# INSTRUCTIONS FOR THE TASK
The task calls for the line containing "[正版]原来孩子这样养成学习好习惯 菊池洋匡重磅新作 《数学原来可以这样学》系列之学习习惯养成篇!亲子教辅家庭教育青少" and all later lines, through the end of the entries below, to be set down exactly and without pictures.

───── DATA FOR ANALYSIS ─────

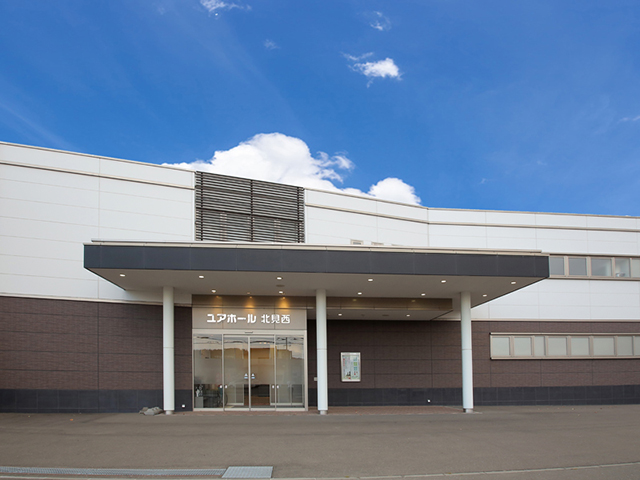 株式会社ベルコ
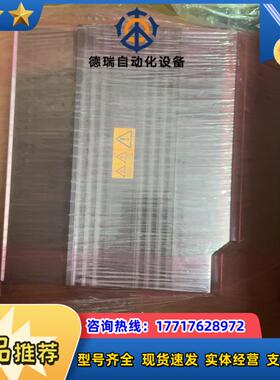 德国SEW变频器全新MDX61B0014-5A3-4-0T议价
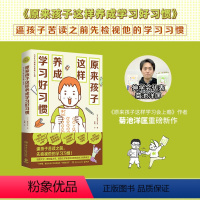 [正版]原来孩子这样养成学习好习惯 菊池洋匡重磅新作 《数学原来可以这样学》系列之学习习惯养成篇!亲子教辅家庭教育青少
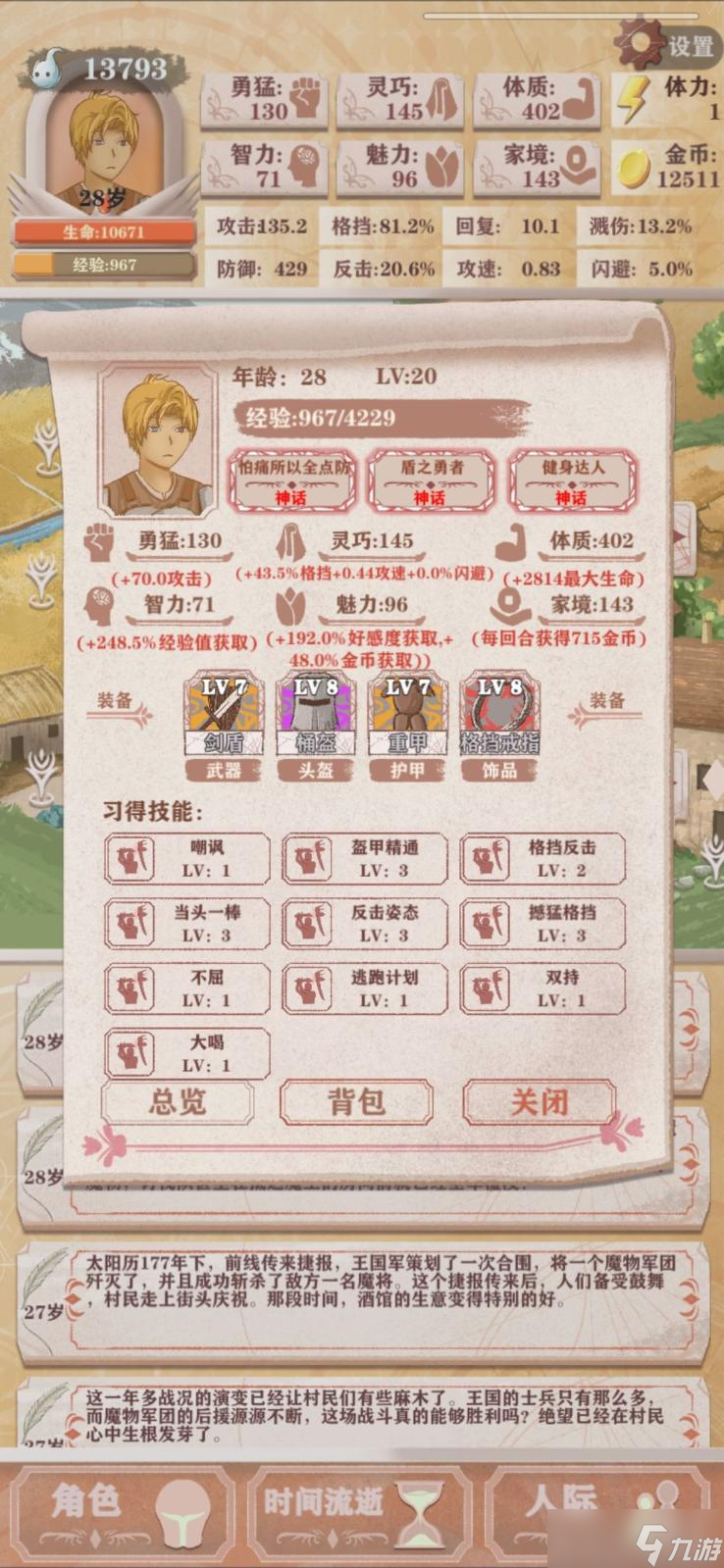 《异世轮回录》残酷8通关搭配攻略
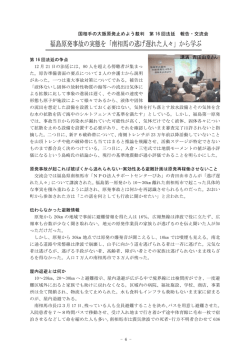 南相馬の逃げ遅れた人々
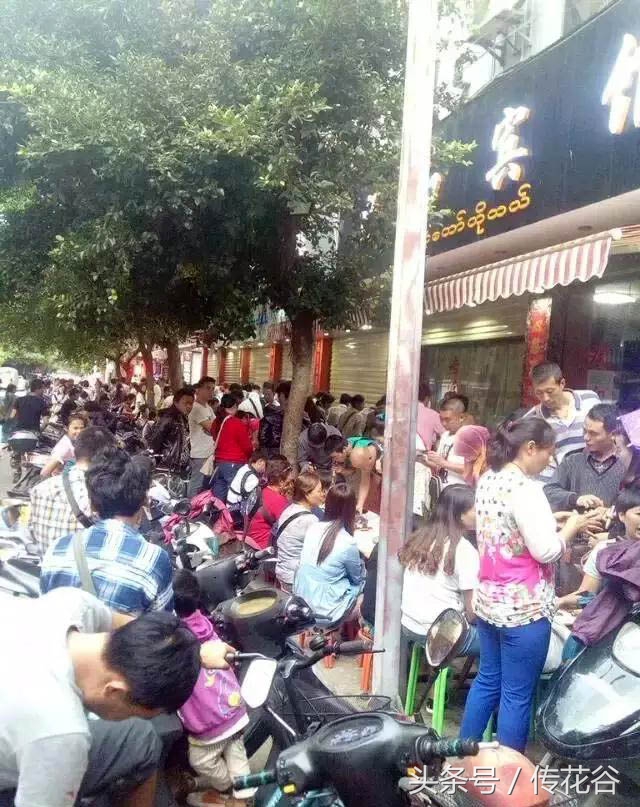 腾冲琥珀夜市淘宝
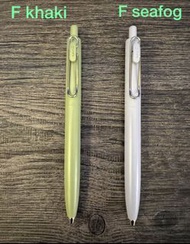 現貨：三菱uni 限定色 - uni ball one F 0.38mm (F khaki 丶F sea fog ) ＄19一支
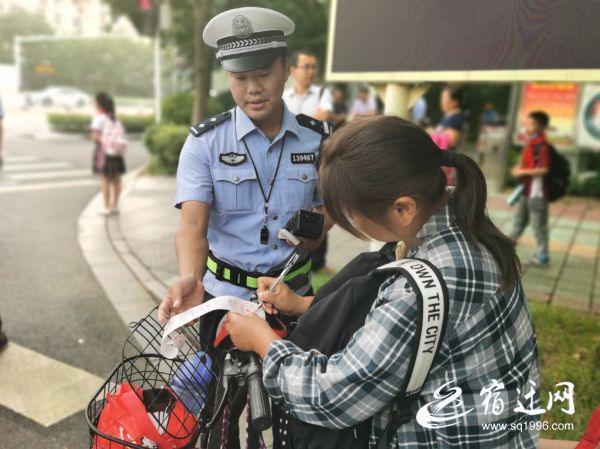 |今晨7点10分，宿迁开出首张未佩戴安全头盔罚单！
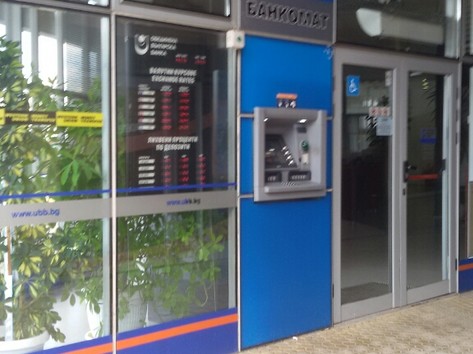 United Bulgarian Bank UBB - ATM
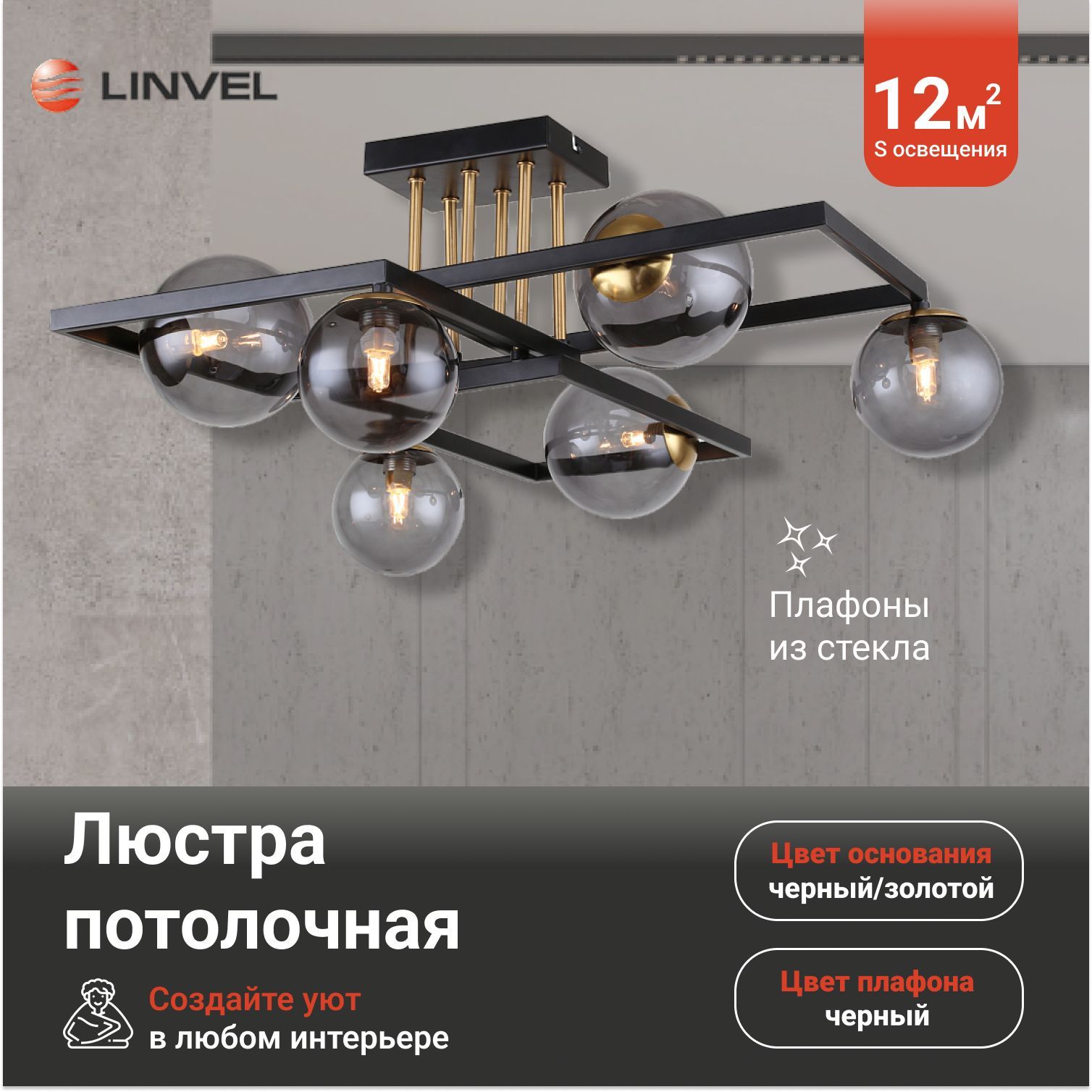 

Люстра Linvel LV 9415/6 Нега Чёрный/золото G9 40W, LV 9415/6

─────

# OUTPUT
 [正版]原来孩子这样养成学习好习惯 菊池洋匡重磅新作 《数学原来可以这样学》系列之学习习惯养成篇!亲子教辅家庭教育青少
 《异世轮回录》残酷8通关搭配攻略
 南相馬の逃げ遅れた人々
 腾冲琥珀夜市淘宝
 現貨：三菱uni 限定色 - uni ball one F 0.38mm (F khaki 丶F sea fog ) ＄19一支
 |今晨7点10分，宿迁开出首张未佩戴安全头盔罚单！
 United Bulgarian Bank UBB - ATM

Люстра Linvel LV 9415/6 Нега Чёрный/золото G9 40W, LV 9415/6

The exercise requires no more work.